- Prompt:
Retype all of the listing exactly, with no pictures.

- Input data:

────────────────────

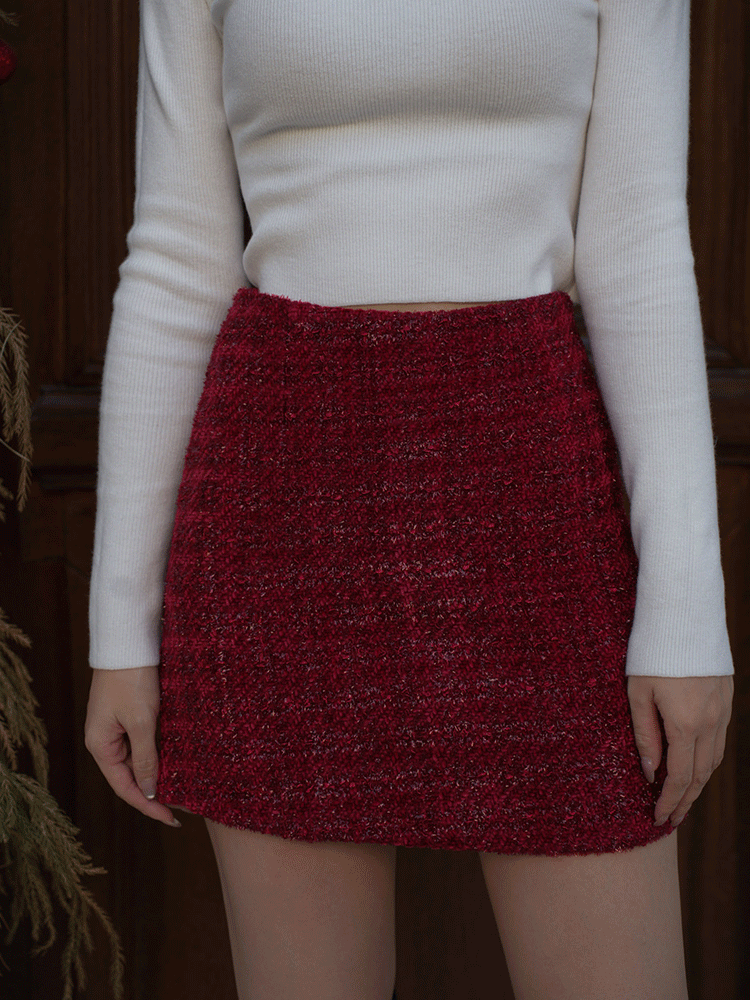 細閃毛呢A字短裙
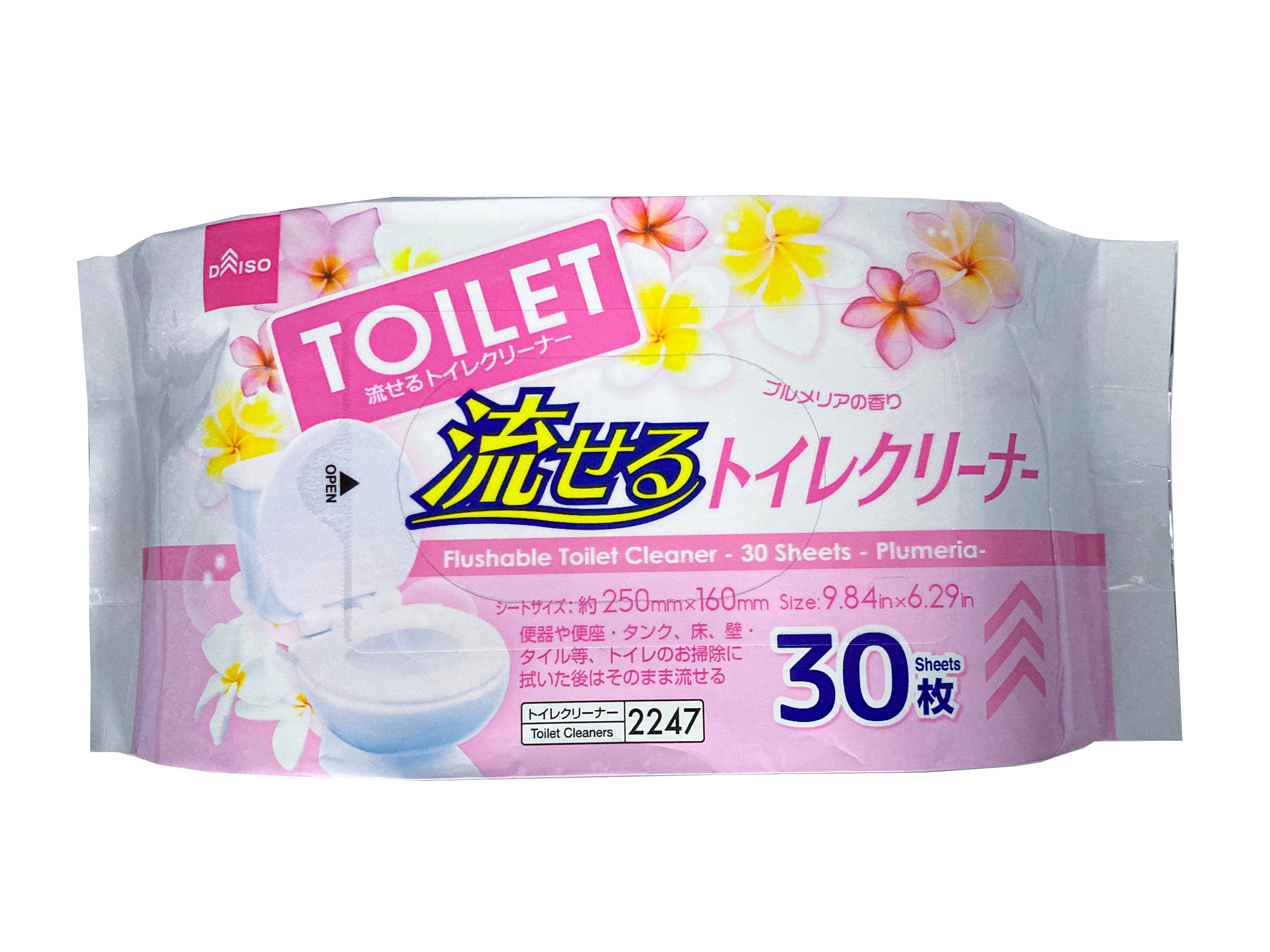 Flushable Toilet Cleaner (30 Sheets, Plumeria)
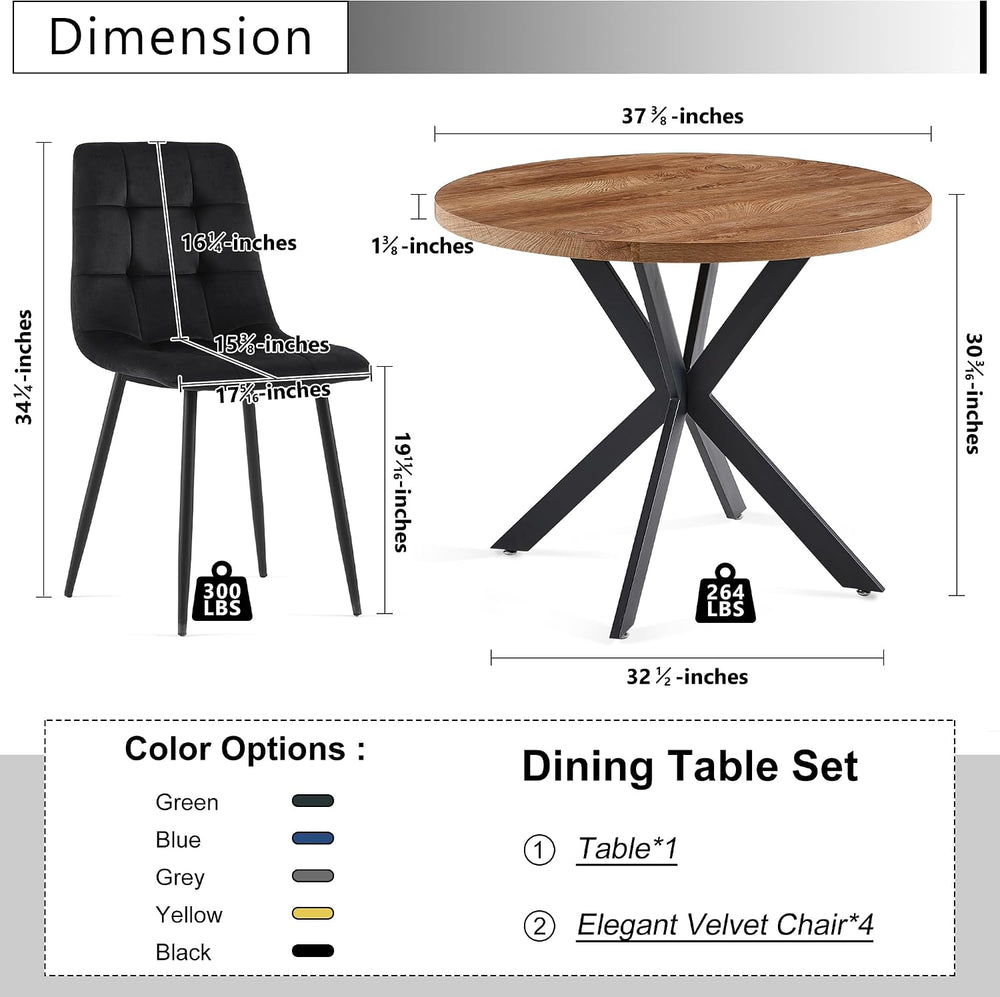 5-Piece Round Dining Table Set - Kitchen Table Chairs Set of 4 with Black Vel...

────────────────────

- Exercise answer:
 細閃毛呢A字短裙
 Flushable Toilet Cleaner (30 Sheets, Plumeria)
 5-Piece Round Dining Table Set - Kitchen Table Chairs Set of 4 with Black Vel...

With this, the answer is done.